A funny, finely wrought collection.

Emotional upheavals undermine the pedestrian routines of middle-age and senior characters in these engaging stories.

The primary fault zone is the seemingly stable, secretly unhappy middle-class marriage, often of Italian-American pedigree, seen from various views. In "When Michael is Away,” a new mother wonders if her orderly, dutiful husband is having an affair, and whether she even cares. A visit from a willowy blonde saleswoman prompts a wife to ponder her lesbian proclivities in "The Knife Lady.” The husband in "Future Games” encourages his wife to have an affair with another man to save their floundering marriage, and the resulting drama is parsed through the uncomprehending eyes of their young daughter.

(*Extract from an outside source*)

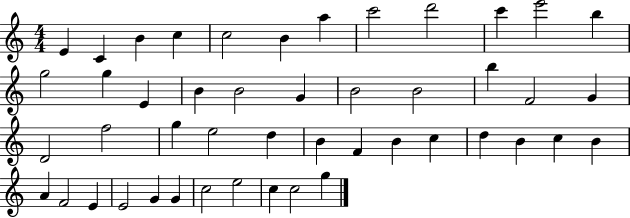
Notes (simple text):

E4/q C4/q B4/q C5/q C5/h B4/q A5/q C6/h D6/h C6/q E6/h B5/q G5/h G5/q E4/q B4/q B4/h G4/q B4/h B4/h B5/q F4/h G4/q D4/h F5/h G5/q E5/h D5/q B4/q F4/q B4/q C5/q D5/q B4/q C5/q B4/q A4/q F4/h E4/q E4/h G4/q G4/q C5/h E5/h C5/q C5/h G5/q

A dentist whose wife merely tolerates him seeks help from a faith-healing charlatan in "The Tooth Healer.” "Surprise” follows a woman’s decision to clean house while her professor husband is off camping–and throw out the marriage along with the rest of the clutter. In "After Victory,” an elderly woman gets a call from the man she almost married during World War II. A man evaluates his own collapsing, childless marriage in light of his parents’ sudden divorce announcement at his doted-upon brother’s birthday party in "Ticket to Ride.” And in the title story, a seamstress in a custom swimsuit shop delivers to a devastated wife dumped for a younger model the timeless advice that the way to a man’s heart is through his stomach. Labozzetta (Stay With Me, Lella, 1999) infuses her stories with a wry wit and a subtle, nuanced feel for the shifting emotional currents underlying seemingly placid lives.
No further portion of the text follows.